Reproduce the section of the listing that begins at the line containing "8/21-25 Cumming Parade, Point" and finishes at the line containing "Casa em Condomínio". Include both end lines and nothing beyond them.

Top of Dataset excerpts

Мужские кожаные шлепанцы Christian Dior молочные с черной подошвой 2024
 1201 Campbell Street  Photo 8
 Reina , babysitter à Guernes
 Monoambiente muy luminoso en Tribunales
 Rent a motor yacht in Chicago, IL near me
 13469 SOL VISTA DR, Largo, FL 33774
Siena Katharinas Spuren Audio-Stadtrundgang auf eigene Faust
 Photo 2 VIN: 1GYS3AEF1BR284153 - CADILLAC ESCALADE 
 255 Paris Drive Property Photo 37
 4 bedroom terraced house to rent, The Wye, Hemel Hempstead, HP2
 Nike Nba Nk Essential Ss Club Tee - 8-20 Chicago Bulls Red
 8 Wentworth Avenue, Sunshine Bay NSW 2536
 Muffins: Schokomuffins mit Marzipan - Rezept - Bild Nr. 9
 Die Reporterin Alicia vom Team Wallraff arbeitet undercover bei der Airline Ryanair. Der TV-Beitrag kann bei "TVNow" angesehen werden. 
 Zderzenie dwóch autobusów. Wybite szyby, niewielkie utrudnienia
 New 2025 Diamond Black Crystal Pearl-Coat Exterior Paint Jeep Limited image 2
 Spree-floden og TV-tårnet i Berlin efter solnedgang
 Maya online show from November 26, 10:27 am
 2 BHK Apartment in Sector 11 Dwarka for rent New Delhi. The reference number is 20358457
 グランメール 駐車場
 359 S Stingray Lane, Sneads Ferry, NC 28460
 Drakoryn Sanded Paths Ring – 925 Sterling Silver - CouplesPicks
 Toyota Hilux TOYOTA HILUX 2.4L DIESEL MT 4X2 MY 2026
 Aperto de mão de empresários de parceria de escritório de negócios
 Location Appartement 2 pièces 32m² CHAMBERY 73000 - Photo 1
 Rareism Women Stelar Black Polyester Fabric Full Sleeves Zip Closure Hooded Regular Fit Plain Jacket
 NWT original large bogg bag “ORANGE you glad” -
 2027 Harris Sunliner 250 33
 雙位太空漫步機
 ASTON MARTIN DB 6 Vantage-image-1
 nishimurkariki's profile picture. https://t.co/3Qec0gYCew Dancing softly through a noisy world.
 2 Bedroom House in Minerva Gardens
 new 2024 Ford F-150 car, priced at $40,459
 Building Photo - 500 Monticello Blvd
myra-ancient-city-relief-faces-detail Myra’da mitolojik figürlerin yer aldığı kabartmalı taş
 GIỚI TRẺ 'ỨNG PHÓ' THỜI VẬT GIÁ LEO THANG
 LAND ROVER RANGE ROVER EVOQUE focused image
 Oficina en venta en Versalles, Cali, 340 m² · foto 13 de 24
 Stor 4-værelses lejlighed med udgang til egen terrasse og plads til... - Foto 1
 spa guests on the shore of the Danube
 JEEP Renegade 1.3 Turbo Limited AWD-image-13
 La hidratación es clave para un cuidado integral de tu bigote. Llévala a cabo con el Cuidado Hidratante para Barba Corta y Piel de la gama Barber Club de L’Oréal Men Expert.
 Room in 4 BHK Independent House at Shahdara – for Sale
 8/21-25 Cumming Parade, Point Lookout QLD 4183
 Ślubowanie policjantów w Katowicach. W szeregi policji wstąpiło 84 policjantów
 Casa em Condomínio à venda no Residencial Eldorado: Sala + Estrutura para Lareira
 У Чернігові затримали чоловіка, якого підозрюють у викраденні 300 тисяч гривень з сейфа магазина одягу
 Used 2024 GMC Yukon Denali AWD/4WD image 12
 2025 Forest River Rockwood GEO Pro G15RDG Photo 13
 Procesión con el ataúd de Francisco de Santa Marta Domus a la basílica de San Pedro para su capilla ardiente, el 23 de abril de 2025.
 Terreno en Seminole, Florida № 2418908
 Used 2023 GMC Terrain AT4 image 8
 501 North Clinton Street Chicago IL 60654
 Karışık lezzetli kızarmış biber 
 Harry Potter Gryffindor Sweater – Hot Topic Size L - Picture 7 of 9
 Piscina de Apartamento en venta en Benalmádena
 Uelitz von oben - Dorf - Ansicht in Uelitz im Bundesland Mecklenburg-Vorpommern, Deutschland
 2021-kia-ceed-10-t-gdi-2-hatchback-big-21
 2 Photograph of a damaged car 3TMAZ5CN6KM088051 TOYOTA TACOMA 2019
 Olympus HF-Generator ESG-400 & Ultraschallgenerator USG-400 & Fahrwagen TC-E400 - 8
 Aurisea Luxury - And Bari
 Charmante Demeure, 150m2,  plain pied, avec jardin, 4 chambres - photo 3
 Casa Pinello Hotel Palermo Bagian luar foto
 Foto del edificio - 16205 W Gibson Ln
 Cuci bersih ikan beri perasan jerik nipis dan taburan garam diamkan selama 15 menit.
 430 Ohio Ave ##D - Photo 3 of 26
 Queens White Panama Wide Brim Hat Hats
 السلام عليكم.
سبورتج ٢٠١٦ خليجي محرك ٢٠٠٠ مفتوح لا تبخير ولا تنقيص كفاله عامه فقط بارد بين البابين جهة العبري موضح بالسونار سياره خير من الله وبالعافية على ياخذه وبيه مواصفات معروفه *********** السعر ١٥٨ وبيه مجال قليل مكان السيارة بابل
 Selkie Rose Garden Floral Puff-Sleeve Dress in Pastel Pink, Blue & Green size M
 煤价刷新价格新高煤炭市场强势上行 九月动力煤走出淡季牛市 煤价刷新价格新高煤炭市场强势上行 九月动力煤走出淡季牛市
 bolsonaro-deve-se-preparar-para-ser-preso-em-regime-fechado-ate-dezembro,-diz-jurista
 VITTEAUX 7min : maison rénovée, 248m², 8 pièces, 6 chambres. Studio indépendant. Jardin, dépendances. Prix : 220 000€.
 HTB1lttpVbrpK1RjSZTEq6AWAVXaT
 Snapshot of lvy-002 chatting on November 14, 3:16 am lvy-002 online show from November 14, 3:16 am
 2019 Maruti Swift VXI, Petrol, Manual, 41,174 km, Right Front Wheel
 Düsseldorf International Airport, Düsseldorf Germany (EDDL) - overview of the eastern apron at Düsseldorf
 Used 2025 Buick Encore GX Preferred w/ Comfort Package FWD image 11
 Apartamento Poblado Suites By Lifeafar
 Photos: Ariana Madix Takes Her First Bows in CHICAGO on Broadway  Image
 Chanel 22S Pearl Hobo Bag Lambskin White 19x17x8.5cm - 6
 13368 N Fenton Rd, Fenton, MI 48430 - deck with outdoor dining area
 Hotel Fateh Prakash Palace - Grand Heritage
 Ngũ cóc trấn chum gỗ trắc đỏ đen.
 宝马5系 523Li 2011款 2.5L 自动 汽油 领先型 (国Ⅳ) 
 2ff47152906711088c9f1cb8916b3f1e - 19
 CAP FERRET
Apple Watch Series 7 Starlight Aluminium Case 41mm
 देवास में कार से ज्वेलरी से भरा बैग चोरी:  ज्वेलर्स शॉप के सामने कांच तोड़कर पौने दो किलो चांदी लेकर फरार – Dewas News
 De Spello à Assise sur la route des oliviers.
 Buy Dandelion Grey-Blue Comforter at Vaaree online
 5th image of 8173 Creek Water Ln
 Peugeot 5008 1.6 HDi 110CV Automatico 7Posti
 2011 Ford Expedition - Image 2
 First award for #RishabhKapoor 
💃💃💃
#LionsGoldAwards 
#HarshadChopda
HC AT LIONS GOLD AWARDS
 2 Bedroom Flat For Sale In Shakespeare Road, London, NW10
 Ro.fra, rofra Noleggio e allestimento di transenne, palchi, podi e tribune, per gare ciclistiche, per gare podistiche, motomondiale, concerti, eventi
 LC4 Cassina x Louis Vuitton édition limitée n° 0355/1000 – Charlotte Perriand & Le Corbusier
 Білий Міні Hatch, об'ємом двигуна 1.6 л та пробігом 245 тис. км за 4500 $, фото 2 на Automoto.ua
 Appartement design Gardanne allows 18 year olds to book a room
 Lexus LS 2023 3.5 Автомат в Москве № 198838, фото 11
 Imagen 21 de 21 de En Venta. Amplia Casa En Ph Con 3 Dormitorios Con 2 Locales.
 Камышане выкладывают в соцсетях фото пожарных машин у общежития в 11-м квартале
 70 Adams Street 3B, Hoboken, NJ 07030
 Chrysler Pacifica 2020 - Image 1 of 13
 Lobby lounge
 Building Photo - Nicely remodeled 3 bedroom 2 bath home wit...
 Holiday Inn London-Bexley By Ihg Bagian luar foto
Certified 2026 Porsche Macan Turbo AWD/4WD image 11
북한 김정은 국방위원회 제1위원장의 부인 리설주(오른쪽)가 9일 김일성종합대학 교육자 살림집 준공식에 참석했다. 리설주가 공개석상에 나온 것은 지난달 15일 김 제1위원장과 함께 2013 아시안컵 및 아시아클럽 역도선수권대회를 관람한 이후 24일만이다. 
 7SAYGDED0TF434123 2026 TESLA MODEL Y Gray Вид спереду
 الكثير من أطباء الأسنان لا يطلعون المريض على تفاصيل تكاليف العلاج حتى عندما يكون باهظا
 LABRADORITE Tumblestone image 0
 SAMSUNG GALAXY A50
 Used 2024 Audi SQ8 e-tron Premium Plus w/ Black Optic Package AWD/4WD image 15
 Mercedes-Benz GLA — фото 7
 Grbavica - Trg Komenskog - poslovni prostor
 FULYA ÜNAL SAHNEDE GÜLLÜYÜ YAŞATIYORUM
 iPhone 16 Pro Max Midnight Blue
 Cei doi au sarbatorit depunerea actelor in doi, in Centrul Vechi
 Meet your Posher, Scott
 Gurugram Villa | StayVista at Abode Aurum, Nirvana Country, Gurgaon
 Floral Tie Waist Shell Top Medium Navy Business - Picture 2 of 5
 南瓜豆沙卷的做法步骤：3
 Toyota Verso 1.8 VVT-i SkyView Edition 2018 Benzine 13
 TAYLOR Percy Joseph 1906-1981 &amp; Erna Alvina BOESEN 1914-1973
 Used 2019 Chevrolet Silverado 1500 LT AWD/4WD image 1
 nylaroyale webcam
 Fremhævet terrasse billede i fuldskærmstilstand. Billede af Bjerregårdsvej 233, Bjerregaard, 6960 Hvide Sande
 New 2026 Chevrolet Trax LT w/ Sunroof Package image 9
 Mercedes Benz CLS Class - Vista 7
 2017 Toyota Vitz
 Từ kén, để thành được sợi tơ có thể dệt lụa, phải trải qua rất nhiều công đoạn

Bottom of Dataset excerpts

**Response to this task**.
 8/21-25 Cumming Parade, Point Lookout QLD 4183
 Ślubowanie policjantów w Katowicach. W szeregi policji wstąpiło 84 policjantów
 Casa em Condomínio à venda no Residencial Eldorado: Sala + Estrutura para Lareira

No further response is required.